[WHAT THIS TASK INVOLVES] Go line by line through the entries and show those that hold the string "Screen".
==== DATA SHOWN ====
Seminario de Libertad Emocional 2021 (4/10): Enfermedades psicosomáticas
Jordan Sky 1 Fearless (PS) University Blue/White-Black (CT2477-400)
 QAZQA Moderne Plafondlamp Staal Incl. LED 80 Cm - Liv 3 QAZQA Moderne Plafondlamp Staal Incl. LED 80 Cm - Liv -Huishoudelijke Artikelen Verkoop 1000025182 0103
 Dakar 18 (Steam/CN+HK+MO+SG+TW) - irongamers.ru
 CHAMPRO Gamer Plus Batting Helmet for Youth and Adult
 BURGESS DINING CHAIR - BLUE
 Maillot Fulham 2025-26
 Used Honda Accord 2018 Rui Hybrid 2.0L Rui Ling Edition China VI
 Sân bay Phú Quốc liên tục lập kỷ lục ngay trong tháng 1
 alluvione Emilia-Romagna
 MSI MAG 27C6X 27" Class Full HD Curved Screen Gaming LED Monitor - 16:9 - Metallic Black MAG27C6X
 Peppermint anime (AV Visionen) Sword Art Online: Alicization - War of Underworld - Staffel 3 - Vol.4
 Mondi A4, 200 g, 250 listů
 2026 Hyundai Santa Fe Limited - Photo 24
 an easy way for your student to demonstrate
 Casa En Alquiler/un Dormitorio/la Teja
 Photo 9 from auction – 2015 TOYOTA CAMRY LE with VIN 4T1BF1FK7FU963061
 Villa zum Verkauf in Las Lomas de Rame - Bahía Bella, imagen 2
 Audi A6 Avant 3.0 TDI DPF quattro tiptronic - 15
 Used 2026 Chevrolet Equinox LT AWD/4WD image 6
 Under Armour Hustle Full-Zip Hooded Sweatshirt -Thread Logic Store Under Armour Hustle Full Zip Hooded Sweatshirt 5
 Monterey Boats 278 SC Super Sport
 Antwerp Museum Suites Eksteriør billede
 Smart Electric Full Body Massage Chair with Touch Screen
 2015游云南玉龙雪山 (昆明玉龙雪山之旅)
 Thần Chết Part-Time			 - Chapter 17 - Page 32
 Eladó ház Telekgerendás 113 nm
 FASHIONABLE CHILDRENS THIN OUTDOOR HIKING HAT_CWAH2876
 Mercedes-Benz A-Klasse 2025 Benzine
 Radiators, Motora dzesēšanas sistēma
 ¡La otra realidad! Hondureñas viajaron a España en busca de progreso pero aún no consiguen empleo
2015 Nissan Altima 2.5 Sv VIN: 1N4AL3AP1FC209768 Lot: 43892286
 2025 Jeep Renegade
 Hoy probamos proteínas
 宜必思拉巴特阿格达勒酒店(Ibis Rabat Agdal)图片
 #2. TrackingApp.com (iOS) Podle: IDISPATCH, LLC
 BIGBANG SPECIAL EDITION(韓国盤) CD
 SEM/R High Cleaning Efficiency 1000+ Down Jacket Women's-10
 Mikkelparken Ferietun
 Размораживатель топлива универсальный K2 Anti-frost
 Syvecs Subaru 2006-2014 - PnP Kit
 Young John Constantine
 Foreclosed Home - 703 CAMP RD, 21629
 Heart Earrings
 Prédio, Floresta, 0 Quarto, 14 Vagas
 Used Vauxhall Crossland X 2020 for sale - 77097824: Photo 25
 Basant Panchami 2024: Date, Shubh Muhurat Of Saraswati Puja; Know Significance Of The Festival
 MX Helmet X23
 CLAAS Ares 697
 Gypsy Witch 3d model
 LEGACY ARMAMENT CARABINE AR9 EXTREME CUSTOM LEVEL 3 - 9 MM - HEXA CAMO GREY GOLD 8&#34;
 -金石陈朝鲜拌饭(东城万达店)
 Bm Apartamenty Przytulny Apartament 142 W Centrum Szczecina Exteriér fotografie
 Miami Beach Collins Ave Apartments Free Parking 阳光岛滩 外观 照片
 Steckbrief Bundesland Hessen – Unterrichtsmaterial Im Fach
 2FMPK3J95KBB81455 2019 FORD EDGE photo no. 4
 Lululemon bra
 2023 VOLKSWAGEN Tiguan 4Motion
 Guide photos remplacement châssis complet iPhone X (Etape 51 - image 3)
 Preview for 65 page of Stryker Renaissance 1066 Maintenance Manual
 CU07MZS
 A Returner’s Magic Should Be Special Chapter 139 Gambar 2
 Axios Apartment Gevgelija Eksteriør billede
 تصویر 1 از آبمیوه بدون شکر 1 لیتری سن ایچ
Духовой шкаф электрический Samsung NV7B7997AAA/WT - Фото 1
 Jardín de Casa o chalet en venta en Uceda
====
[EXERCISE ANSWER]
 MSI MAG 27C6X 27" Class Full HD Curved Screen Gaming LED Monitor - 16:9 - Metallic Black MAG27C6X
 Smart Electric Full Body Massage Chair with Touch Screen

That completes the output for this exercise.